Dear Clarence, I would suggest to use one standard substance of each phenolic subgroup in the test, i.e. 1 flavonol, 1 flavanol etc., in concentrations they occur in your samples (you need HPLC results for that, though). Then compare the "performance" of each phenol on an equimolar basis. This will help you estimating the impact each compound (phenolic subgroup) has on the different test systems.

Keep also in mind that the reactivity of Trolox is strongly dependent on pH, solvent etc., so this should be consitent throughout all tests as well.

Dear Clerance 

FRAP and  DPPH assays are easy to use and most favourite ones. There is one paper aleast published on this lemongrass. 

Form of sample  such ad dry or fresh samples will also have impact on result.
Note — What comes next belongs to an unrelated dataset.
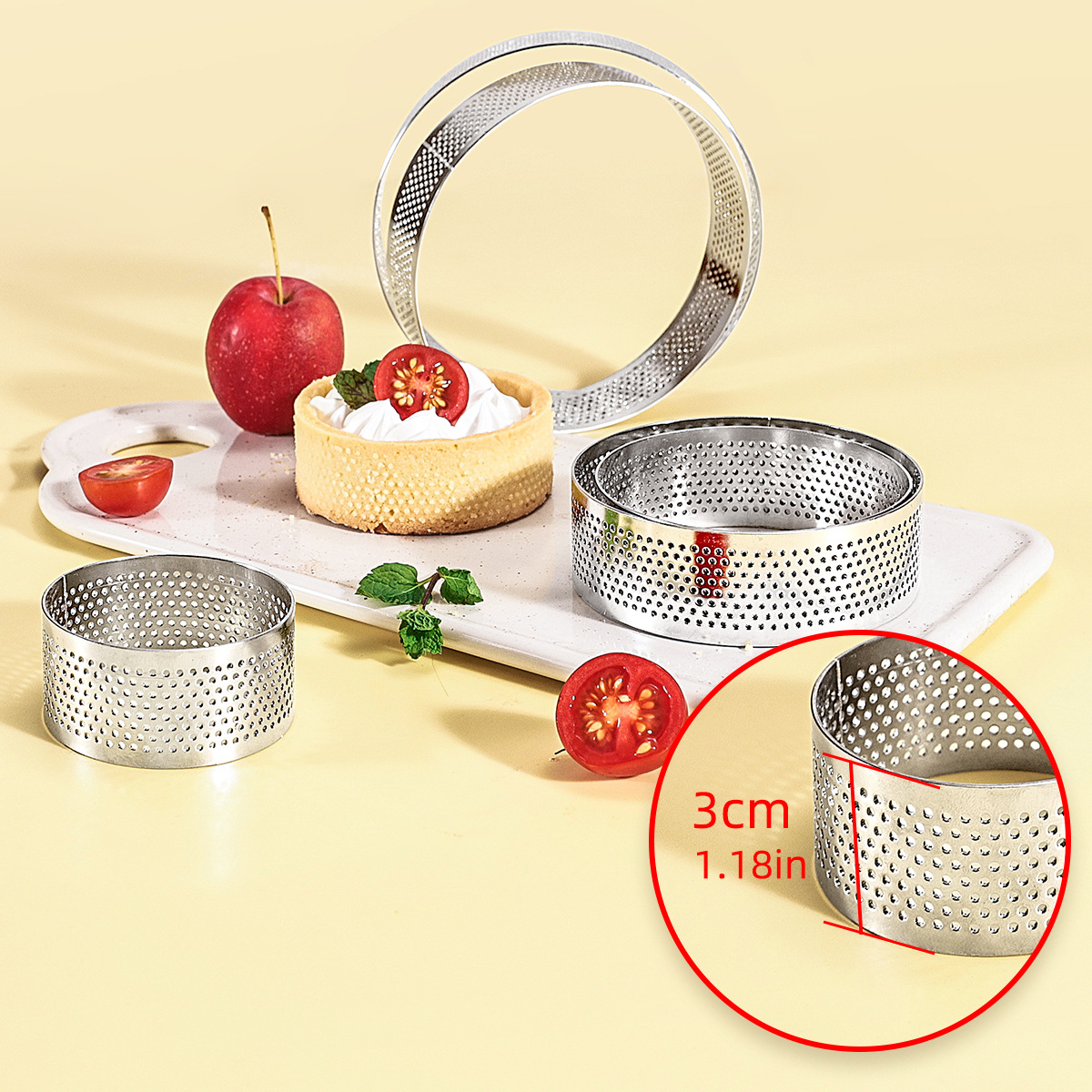 Stainless steel round height 3cm punching mousse ring cake mold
You must use also go through article by Chanda and Dave 2007

It will give lot of information on these methods 

Thanks 

Noted.

Thank you very much for your input! I really appreciate it.

 i think lemongrass is well studied already

To be more precise the goal of this study is to compare the methods (ABTS, DPPH, FRAP) and their efficiency towards evaluating the antioxidant capacity of lemongrass. Yes I agree that there are lots of studies on lemongrass. I have seen different methods applied with variations in declaring values making it hard to compare results. Part of the purpose of this study is to give a recommendation which method can be best used (gives reproducible results, precise, cost effective, simple and rapid, etc.) as part of the product development of a certain beverage. I was hoping to get an input about the practical concerns I need to consider before I go ahead with the experiments.

I also wonder about the sample concentration to be picked to calculate the activity as in the unit of e.g mg Trolox equivalent/g sample, for instance in DPPH assay.  As in the procedure, when you are not sure how much antioxidant containing in the sample, thus you have to dilute them into various conc before subjecting to the reaction.  Therefore each conc of sample will give you the different value of inhibition capacity.  So I am curious which value I should select to further calculate for the conc or amount of antioxidant in the sample expressed in xx mg Trp eq/g sample. Since normally what I found was different dilution of sample gave the different calculated conc of antioxidant in sample (calculation based on the standard curve Tro).

 I was also thinking if it will be suitable to use the value obtained from one that occurred the be the highest antioxidant capacity or the highest inhibition, to further calculate the conc of antioxidant in sample.

Please someone give me the light to this curiosity.  Thank you in advance.

What is the best method for determining antioxidant activity in elderberry juice? What is the procedure to be followed?

The best and single assay of antioxidant activity does NOT exist.  I'm an expert in kinetics of free radicals

The determination of total concentration and activity of antioxidants in foodstuffs

By: Geletii, YV; Balavoine, GGA; Efimov, ON; et al.

RUSSIAN JOURNAL OF BIOORGANIC CHEMISTRY   Volume: 28   Issue: 6   Pages: 501-514   Published: NOV-DEC 2002

Evaluation of antioxidant activity using peroxynitrite as a source of radicals

By: Geletii, YV; Balavoine, GGA

NITRIC OXIDE, PT D   Book Series: METHODS IN ENZYMOLOGY   Volume: 359   Pages: 366-379   Published: 2002

Peroxynitrite scavenging by different antioxidants. Part I: Convenient assay

By: Balavoine, GGA; Geletii, YV

NITRIC OXIDE-BIOLOGY AND CHEMISTRY   Volume: 3   Issue: 1   Pages: 40-54   Published: 1999. 

The latter paper has been cited about 100 times

Noted. Thank you all for your valuable input.